What an irony. Today the United States is fighting the same Taliban in whose shaping she played a crucial role. Today the U.S. is calling them terrorists and fundamentalists while they were her heroes and super cops when they were awash with Kalashnikovs.

Finally, the anti-terror resolution of G-20 states that, “continued and recent terrorist attacks all across the world have shown once again the need for increased international cooperation and solidarity in the fight against terrorism.” Did the world community cooperate with India when two decades ago India placed before it the looming threat to international peace in the wake of rising crescendo of religion-based terrorism in its part of the globe? Did they cooperate with India when external terrorists planned Mumbai carnage? Are they cooperating with India in asking the sponsors of Mumbai terrorism to bring the culprit to book? The summit calls for increased international cooperation only when terror has struck so fiercely in France.

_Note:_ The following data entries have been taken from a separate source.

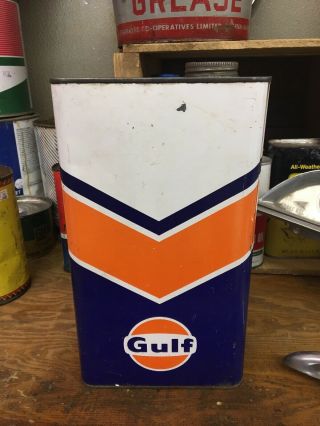Gulf One Gallon Square Vintage Motor Oil Advertising Can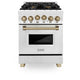 ZLINE 24" Autograph Edition, Gas Range, White Door, RGZ-24-CB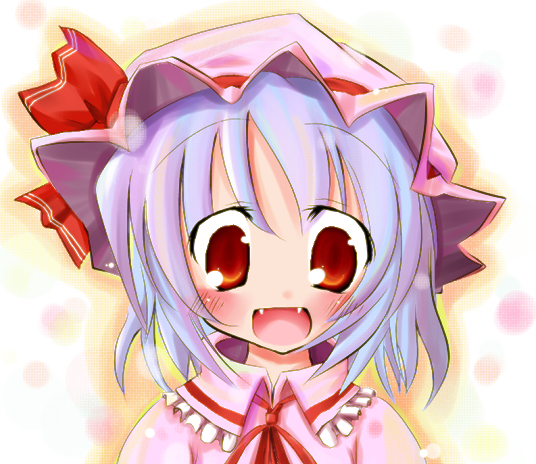 remilia scarlet, touhou, light purple hair, 1girl, blush, fangs, female focus, hat, hat ribbon, pink hat, red eyes, ribbon, short hair, smile, solo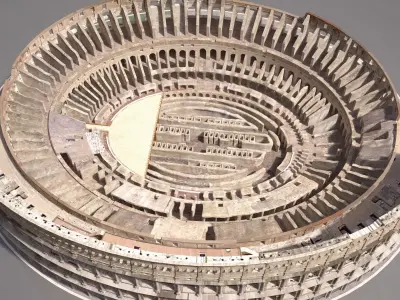 Roman Colosseum Ruins High detail 3D model
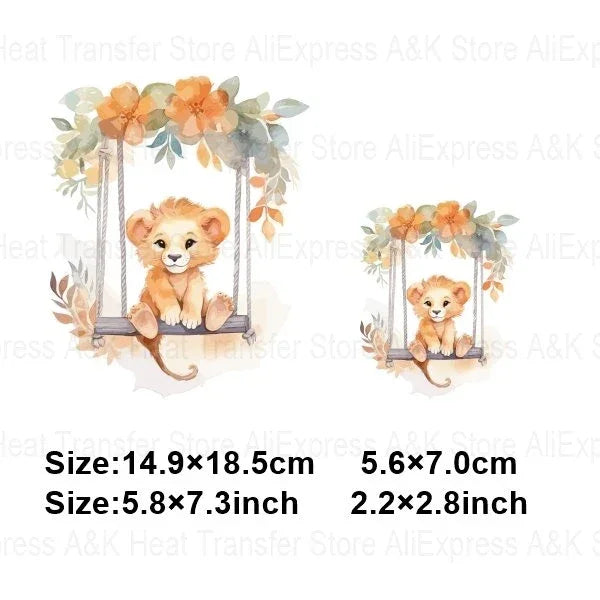 Baby Animal On Swings Heat Transfers For Kids Clothing Elephant Tigers Lion Stickers On Clothes Diy Thermal Patches Decals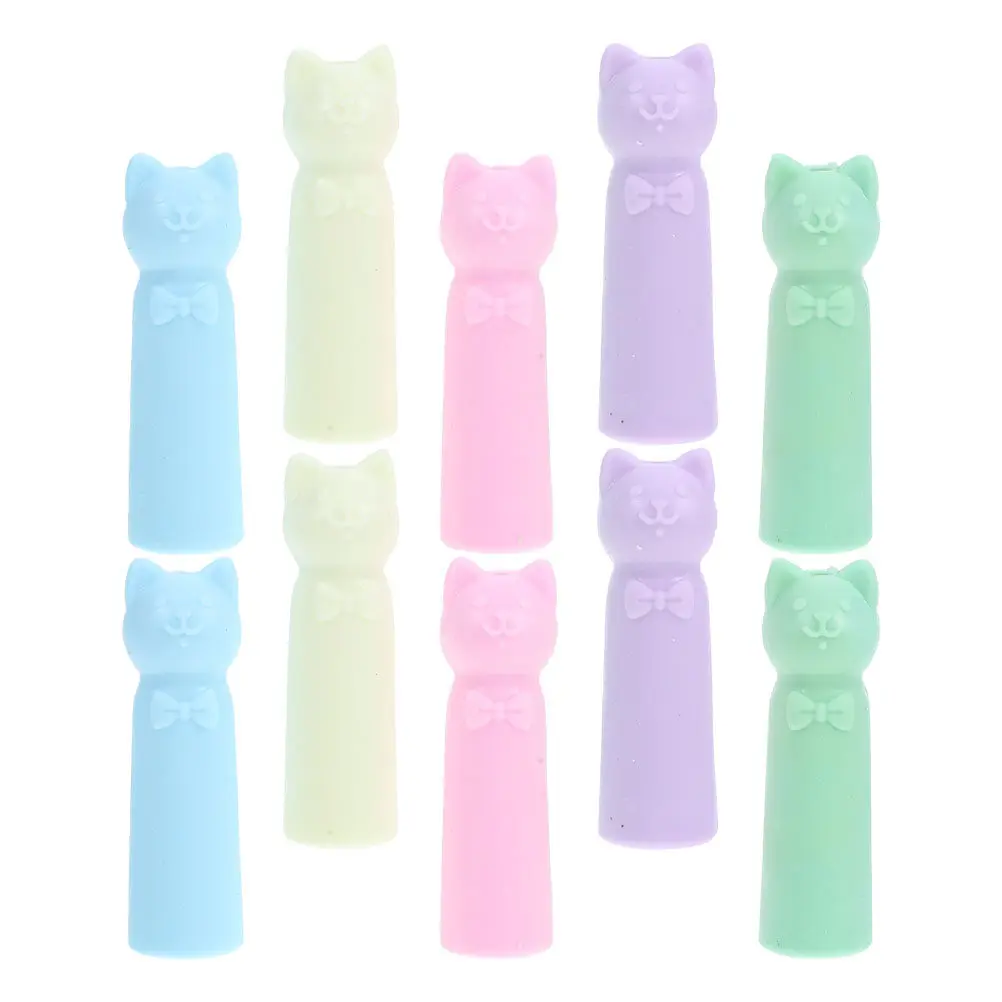 10Pcs 명확하고 다채로운 연필 캡 플라스틱 연필 보호 슬리브 어린이를위한 사랑스러운 익스텐더 예술가 학교 용품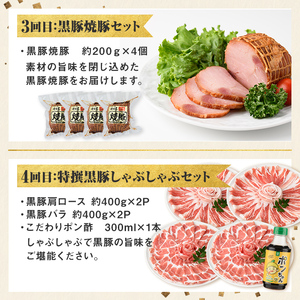 【D02006】＜定期便・全5回＞かごしま黒豚まんぞく定期便A (月1回×5ヶ月) 鹿児島 九州産 国産 肉 豚肉 黒豚 焼豚 肩ロース ロース モモ スライス 叉焼 餃子 ギョーザ ぎょうざ しゃぶ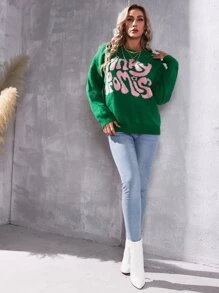 Jersey con patrón de letra de hombros caídos - Verde - Ver 5
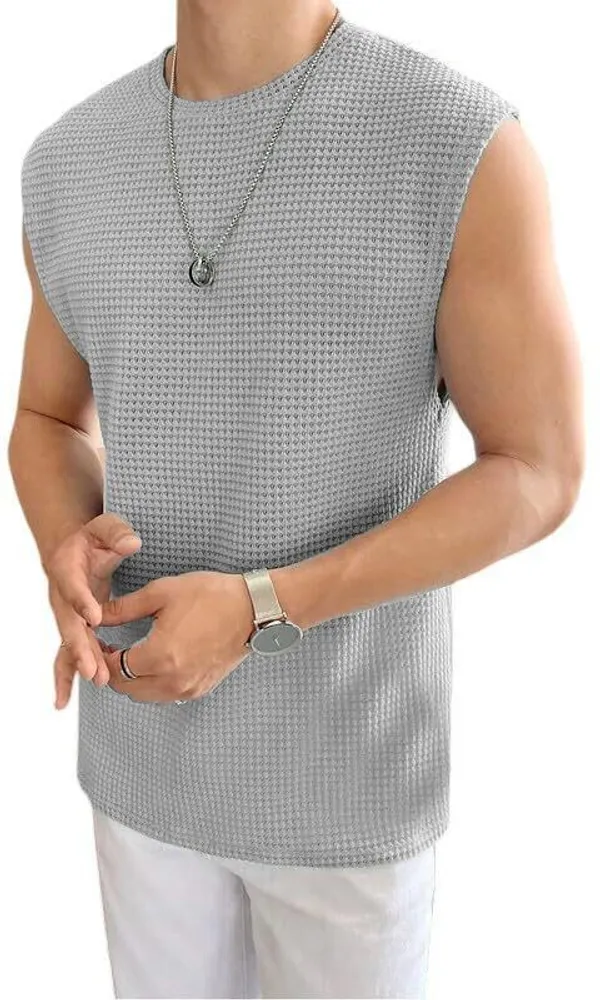 Green_And_Grey_Cotton_Blend_Self_Design_Round_Neck_T-Shirt_For_Men_(Pack_Of_2)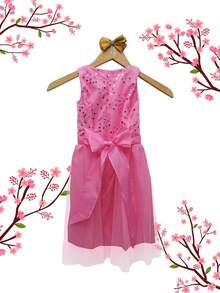 Vestido Rosa para Niñas con aplicación - Rosa - Ver 2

What validity such a flamboyant statement can have when we know the U.S. has been selling sophisticated weapons and war material to such countries as are characterized by their own experts as the breeding grounds of international terrorism. Did not Pakistan’s former military ruler publicly acknowledge raising, abetting and sponsoring terror organizations on its soil to realize political goals? Has not the US categorized a number of organizations in such countries as “terrorist organizations” and imposed ban on them? The organizations were banned obviously after ascertaining their connections with benefactors, including those in the army. Was not Osama bin Laden found in a country that denied his presence on its soil until last moment?

In the final analysis, we hope that G-20 countries are serious in issuing the anti-terrorist statement in Turkey. It should not have minced words and adopted ambiguous polemics in addressing a crucial issue faced by the democratic and free countries around the world. It should have identified the countries that are irrefutably harboring terrorist organizations on their soil, providing them with all support under the rubric of “national liberation movements” and, in addition, projecting themselves as victims of terrorism.

The G-20 should have not only identified such countries but also notified them for imposition of UN sanctions. This would have convinced the world that G-20 is serious in combating terrorism. That would have sounded the death-knell to global terrorism.